* _Exercise brief_:
Please print every line of the material below exactly.

* _Collected data_:

========

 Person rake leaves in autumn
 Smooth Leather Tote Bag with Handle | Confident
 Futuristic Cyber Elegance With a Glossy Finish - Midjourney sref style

========

* _Output of the task_:
 Person rake leaves in autumn
 Smooth Leather Tote Bag with Handle | Confident
 Futuristic Cyber Elegance With a Glossy Finish - Midjourney sref style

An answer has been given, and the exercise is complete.